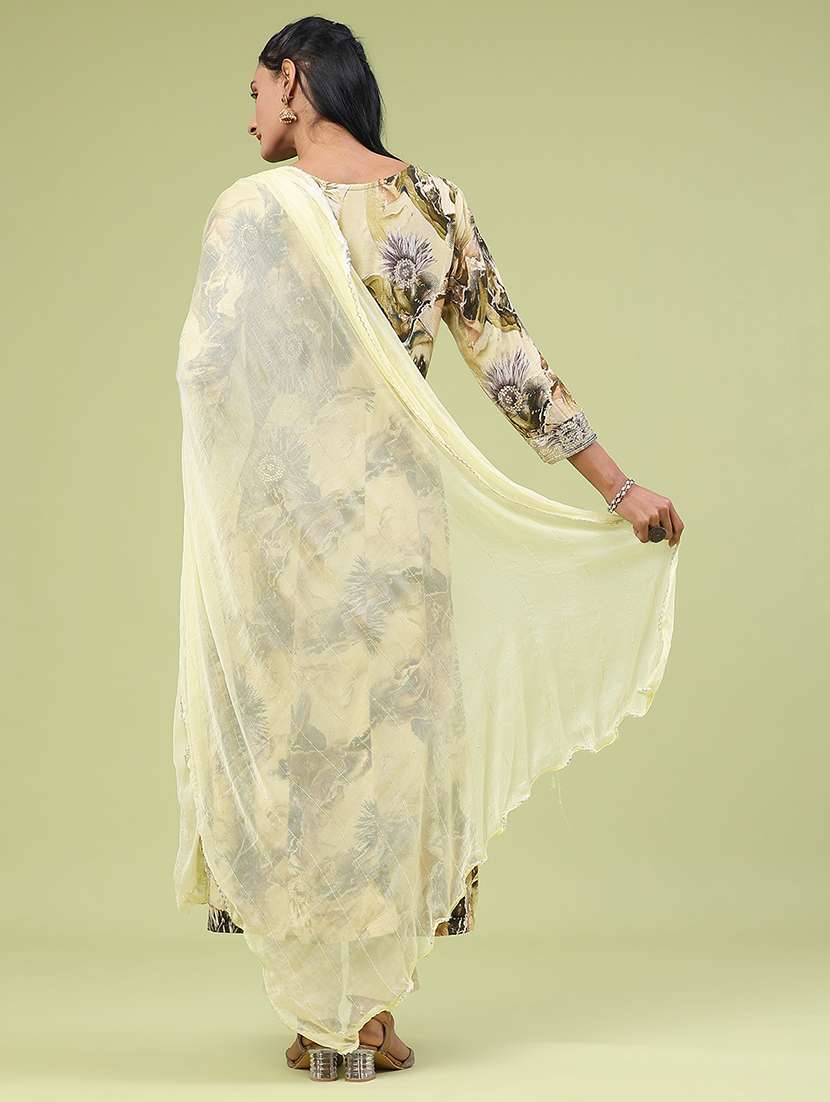 women floral three quarter sleeve kurta pant with dupatta set - 22317406 -  Standard Image - 5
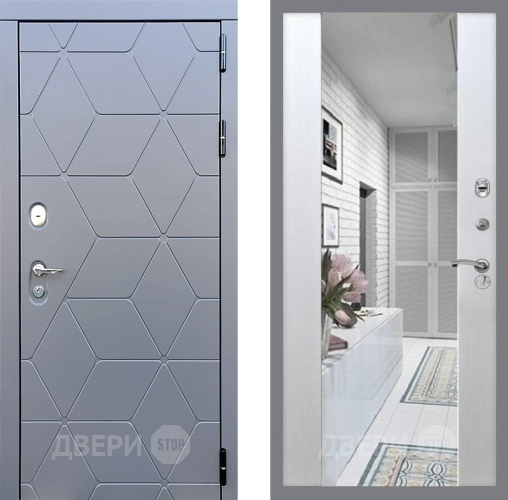 Входная металлическая Дверь Стоп КОСМО Зеркало СБ-16 Лиственница беж в Орехово-Зуево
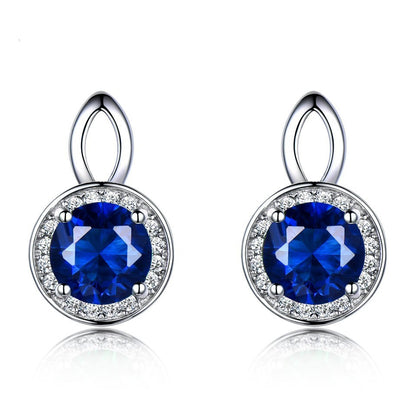 S925 Silver Earrings Nano Sapphire Earrings Advanced Round Micro Rhinestone Ear Clip-Jewearrings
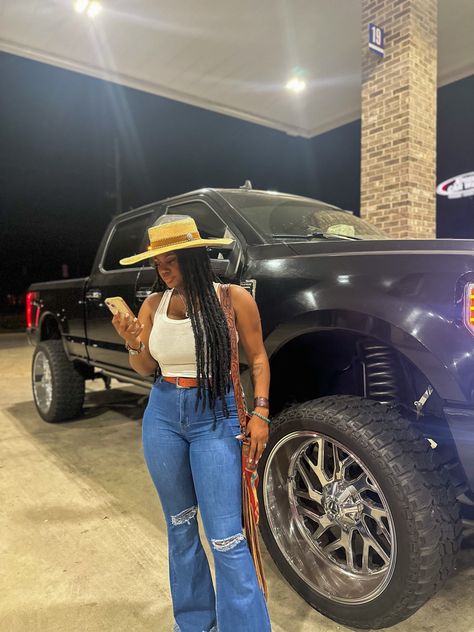 Black Girl . Country Girl. Lifted Ford 250 Western Outfits For Black Women, Western Outfit Black Women, Western Wear Black Women, Nashville Outfits Black Women, Simple Cowgirl Outfits Casual, Cowgirl Outfit Black Women, Black Cow Girl Outfits, Country Outfit Black Women, Black Women Cowgirl Outfit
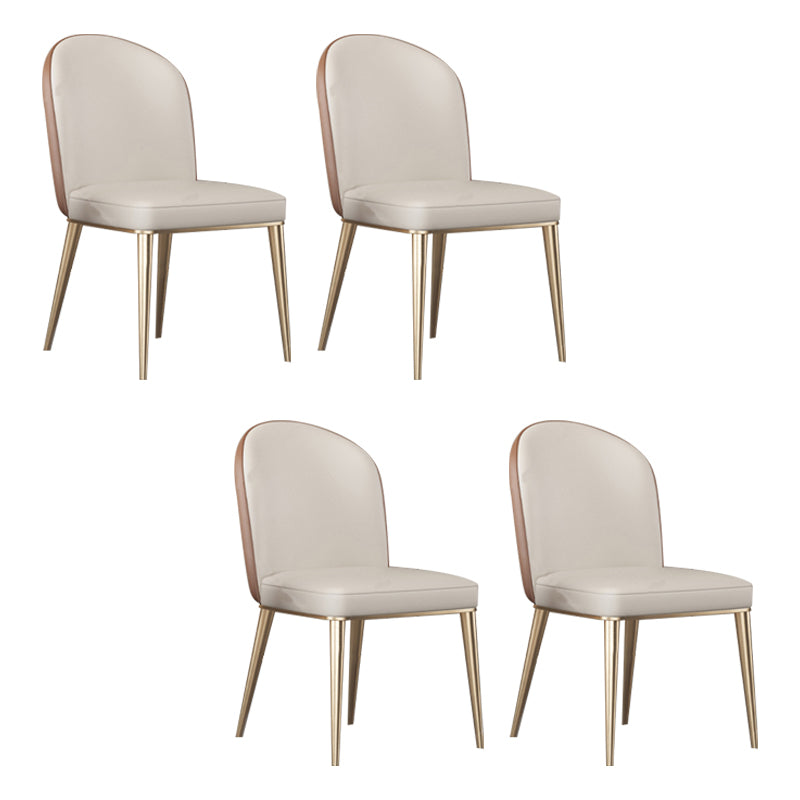 Dining Room Glam Parsons Chair Metal Legs Faux Leather Upholstered Chair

What you are asked to do: Only an exact copy of the records, free of images, belongs in the answer.

Task response:
 women floral three quarter sleeve kurta pant with dupatta set - 22317406 -  Standard Image - 5
 Входная металлическая Дверь Стоп КОСМО Зеркало СБ-16 Лиственница беж в Орехово-Зуево
 S925 Silver Earrings Nano Sapphire Earrings Advanced Round Micro Rhinestone Ear Clip-Jewearrings
 Black Girl . Country Girl. Lifted Ford 250 Western Outfits For Black Women, Western Outfit Black Women, Western Wear Black Women, Nashville Outfits Black Women, Simple Cowgirl Outfits Casual, Cowgirl Outfit Black Women, Black Cow Girl Outfits, Country Outfit Black Women, Black Women Cowgirl Outfit
 Dining Room Glam Parsons Chair Metal Legs Faux Leather Upholstered Chair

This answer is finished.